Print every line below exactly as written, but leave the pictures behind.

**Data excerpt**
------------------------------------------------------------

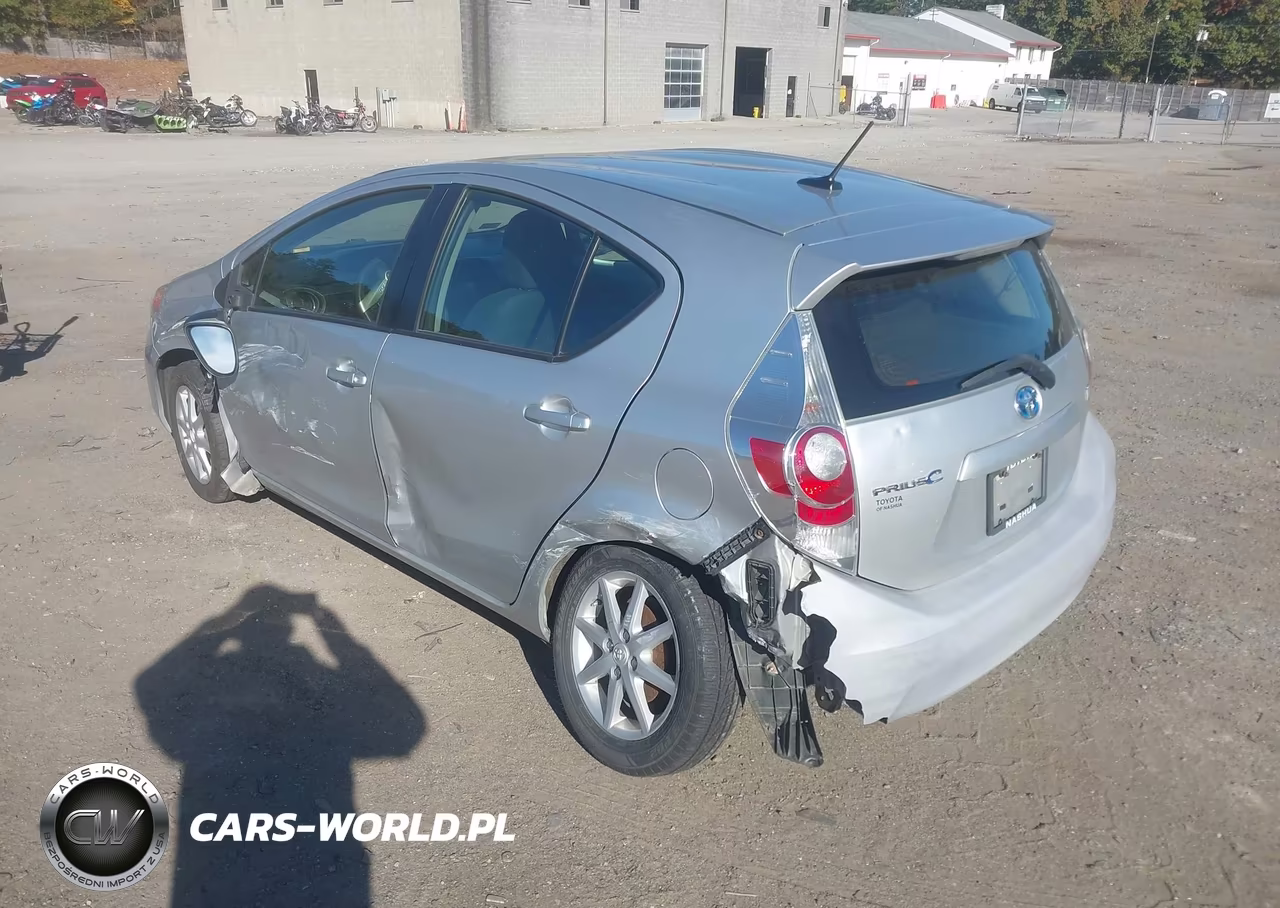 2014 Toyota Prius C Three VIN:JTDKDTB37E1561755 - 3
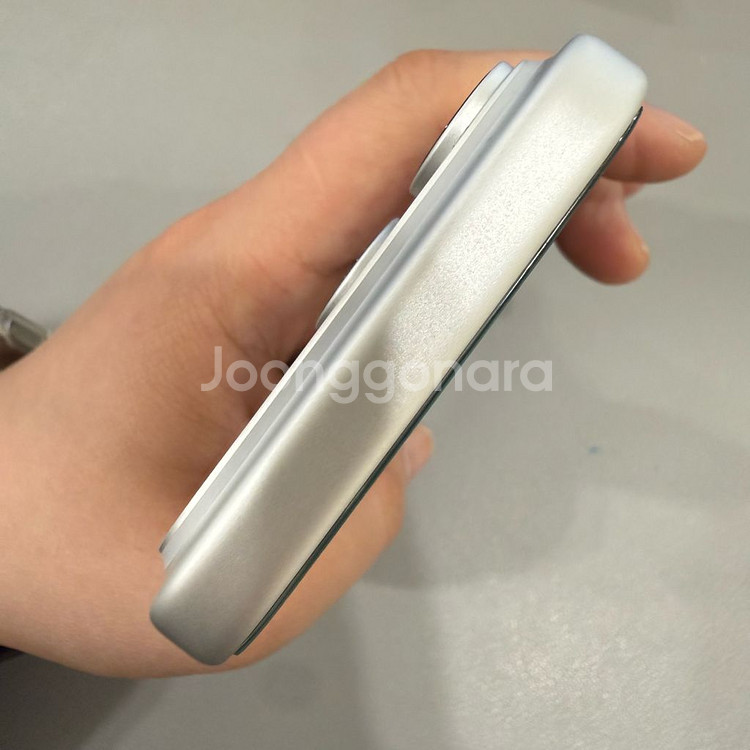 아이폰 17프로 256기가 실버 배터리 100프로 S급 팝니다--3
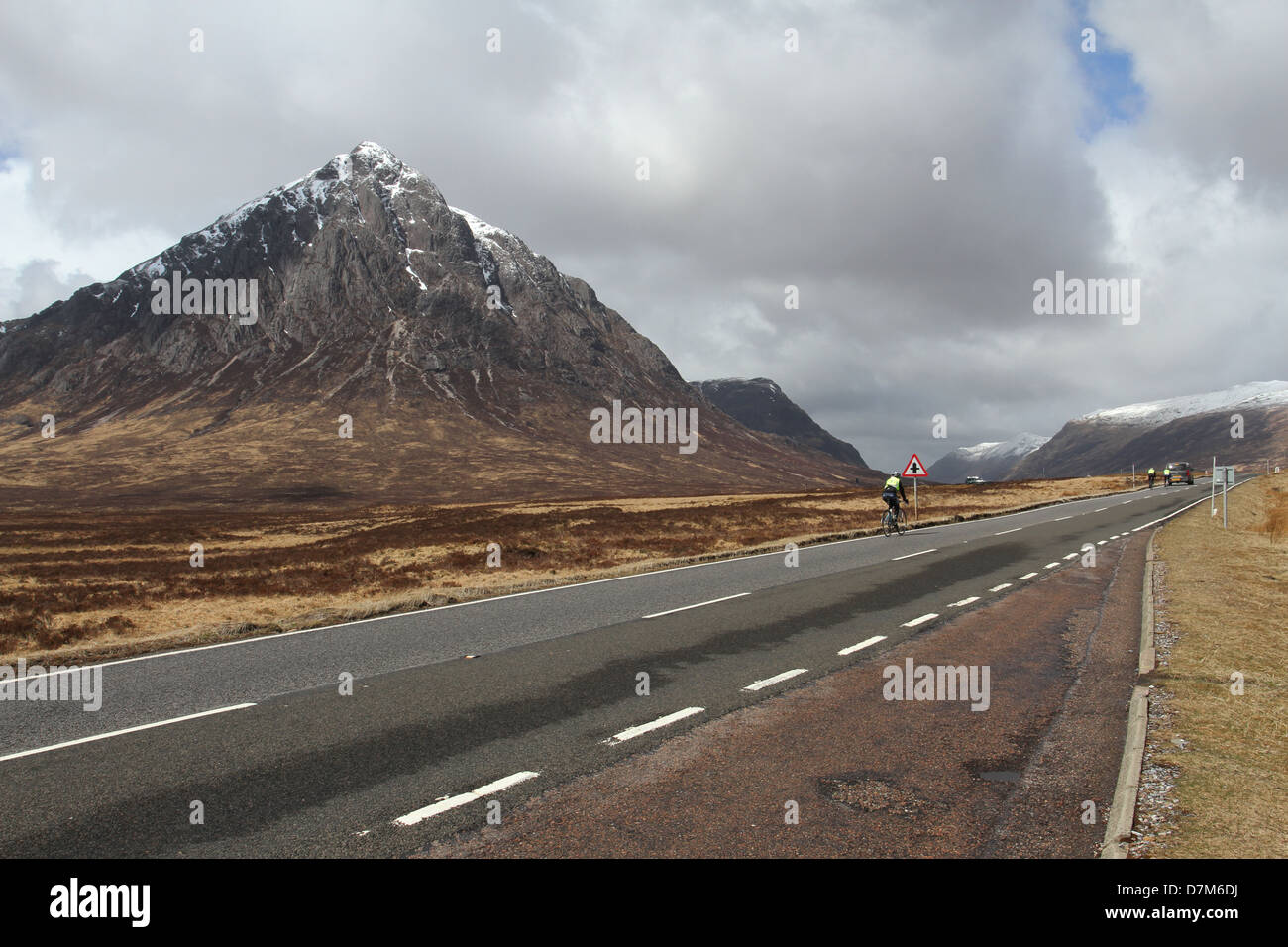 Radfahrer auf der A82 mit Spitzenwerten von Glen Coe Schottland April 2013 Stockfoto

------------------------------------------------------------

**Answer to this problem**
 2014 Toyota Prius C Three VIN:JTDKDTB37E1561755 - 3
 아이폰 17프로 256기가 실버 배터리 100프로 S급 팝니다--3
 Radfahrer auf der A82 mit Spitzenwerten von Glen Coe Schottland April 2013 Stockfoto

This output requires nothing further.